[WORK INSTRUCTION] Copy exactly the stretch of data below from the line with "Аккумуляторная пила Huter" through the line with "Neurobion B12 Forte", including both of those lines.

*-*-*

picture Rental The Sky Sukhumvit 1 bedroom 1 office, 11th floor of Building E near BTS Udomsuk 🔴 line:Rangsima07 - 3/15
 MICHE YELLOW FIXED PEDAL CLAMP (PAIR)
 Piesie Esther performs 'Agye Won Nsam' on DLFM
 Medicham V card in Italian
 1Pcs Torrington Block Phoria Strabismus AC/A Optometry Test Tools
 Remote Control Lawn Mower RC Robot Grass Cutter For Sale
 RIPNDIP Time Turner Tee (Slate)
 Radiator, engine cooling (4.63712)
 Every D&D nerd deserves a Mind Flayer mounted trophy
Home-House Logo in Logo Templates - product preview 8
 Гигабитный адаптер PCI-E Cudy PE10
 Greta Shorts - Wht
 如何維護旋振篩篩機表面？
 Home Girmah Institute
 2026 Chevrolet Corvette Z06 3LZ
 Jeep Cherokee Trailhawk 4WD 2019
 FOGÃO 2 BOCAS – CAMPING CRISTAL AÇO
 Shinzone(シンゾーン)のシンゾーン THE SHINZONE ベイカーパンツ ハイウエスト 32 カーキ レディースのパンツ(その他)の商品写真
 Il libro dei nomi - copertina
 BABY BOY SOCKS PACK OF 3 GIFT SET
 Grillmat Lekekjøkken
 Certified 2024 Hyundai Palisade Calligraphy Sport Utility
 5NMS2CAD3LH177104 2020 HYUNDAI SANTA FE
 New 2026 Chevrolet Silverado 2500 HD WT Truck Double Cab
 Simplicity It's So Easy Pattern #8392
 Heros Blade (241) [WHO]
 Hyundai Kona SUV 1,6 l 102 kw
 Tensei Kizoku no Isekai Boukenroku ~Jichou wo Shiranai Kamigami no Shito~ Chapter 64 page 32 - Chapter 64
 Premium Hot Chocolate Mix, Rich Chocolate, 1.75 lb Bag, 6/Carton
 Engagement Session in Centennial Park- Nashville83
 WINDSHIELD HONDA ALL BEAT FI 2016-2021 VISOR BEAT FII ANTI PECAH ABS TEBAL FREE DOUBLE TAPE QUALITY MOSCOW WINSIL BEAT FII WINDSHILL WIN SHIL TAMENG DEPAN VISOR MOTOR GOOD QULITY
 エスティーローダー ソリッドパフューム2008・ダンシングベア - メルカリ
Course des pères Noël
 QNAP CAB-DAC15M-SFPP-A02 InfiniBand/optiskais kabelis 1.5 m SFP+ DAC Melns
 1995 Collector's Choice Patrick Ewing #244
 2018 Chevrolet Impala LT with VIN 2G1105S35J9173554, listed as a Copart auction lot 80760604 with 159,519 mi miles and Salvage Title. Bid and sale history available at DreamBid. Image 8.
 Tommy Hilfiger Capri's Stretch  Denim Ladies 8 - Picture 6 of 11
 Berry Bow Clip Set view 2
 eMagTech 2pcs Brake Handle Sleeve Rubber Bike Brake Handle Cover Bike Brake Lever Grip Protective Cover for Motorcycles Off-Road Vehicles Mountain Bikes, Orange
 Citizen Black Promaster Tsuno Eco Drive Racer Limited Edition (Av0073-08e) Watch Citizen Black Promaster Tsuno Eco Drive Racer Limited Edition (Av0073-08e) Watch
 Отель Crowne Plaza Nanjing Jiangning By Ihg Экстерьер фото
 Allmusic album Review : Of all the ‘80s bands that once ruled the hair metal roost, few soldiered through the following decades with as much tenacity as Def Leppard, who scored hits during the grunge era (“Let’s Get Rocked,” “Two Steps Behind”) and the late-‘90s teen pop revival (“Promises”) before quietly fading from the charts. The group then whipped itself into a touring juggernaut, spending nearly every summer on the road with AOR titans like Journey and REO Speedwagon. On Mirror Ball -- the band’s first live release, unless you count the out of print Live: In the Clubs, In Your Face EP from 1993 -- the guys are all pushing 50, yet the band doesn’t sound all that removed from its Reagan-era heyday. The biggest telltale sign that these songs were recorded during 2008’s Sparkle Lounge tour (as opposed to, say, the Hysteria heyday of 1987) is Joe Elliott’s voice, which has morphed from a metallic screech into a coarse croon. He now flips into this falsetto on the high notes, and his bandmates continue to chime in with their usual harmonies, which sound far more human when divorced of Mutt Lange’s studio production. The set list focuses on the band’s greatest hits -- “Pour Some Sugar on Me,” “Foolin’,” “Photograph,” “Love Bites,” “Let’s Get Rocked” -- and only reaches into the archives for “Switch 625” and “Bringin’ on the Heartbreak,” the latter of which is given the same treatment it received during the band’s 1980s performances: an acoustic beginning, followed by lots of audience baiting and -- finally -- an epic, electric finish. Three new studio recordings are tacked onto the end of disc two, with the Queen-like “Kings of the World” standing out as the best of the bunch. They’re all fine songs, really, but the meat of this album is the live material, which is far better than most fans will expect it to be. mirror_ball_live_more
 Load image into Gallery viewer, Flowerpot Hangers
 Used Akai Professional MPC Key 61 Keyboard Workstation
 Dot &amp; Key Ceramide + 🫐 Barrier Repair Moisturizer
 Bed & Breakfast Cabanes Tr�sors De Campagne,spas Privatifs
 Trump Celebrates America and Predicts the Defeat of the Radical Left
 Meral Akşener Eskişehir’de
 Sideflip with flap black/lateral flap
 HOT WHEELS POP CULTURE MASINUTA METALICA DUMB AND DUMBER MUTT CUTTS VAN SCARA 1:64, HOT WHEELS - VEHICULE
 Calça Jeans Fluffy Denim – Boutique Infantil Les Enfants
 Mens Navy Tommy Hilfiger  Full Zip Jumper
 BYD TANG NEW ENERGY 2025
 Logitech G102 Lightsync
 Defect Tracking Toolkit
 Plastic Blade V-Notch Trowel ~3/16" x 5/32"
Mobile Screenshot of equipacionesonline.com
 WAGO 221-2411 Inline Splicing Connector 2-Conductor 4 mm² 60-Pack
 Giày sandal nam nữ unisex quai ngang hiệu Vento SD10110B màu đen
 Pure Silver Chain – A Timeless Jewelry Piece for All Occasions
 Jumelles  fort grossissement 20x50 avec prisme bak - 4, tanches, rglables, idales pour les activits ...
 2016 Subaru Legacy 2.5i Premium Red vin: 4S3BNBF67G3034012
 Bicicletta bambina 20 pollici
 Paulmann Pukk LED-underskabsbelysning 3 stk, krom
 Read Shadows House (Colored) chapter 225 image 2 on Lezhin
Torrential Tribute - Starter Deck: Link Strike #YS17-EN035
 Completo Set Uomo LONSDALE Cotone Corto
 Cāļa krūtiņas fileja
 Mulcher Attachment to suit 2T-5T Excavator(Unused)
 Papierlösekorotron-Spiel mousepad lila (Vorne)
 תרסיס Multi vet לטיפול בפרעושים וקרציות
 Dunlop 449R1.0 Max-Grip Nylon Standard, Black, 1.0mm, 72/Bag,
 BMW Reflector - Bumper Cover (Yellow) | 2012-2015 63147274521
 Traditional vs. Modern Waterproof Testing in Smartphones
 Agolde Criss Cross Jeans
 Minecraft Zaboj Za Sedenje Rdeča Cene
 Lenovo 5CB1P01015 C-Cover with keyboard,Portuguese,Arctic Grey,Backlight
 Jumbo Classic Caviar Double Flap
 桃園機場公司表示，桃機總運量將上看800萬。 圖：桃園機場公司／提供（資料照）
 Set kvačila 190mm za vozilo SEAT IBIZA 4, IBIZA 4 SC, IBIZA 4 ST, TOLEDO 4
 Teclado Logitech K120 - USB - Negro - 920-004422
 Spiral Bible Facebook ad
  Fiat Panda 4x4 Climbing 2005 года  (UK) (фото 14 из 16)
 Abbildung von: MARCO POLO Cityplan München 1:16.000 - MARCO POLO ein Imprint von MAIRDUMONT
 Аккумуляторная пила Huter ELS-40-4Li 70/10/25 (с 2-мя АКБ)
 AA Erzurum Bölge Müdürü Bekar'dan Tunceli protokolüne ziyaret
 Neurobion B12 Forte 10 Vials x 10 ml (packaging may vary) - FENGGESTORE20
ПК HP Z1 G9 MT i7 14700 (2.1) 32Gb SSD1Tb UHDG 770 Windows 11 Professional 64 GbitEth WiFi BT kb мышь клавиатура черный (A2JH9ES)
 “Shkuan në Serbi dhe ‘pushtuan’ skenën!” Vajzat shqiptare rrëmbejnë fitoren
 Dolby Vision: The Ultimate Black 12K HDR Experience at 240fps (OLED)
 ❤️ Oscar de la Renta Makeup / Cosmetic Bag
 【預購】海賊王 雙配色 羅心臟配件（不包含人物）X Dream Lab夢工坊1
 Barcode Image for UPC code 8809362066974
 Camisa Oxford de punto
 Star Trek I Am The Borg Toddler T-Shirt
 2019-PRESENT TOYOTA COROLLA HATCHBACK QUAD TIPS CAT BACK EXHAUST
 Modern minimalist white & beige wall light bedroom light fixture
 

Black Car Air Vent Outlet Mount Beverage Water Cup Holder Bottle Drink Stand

*-*-*

[EXPECTED OUTPUT]
 Аккумуляторная пила Huter ELS-40-4Li 70/10/25 (с 2-мя АКБ)
 AA Erzurum Bölge Müdürü Bekar'dan Tunceli protokolüne ziyaret
 Neurobion B12 Forte 10 Vials x 10 ml (packaging may vary) - FENGGESTORE20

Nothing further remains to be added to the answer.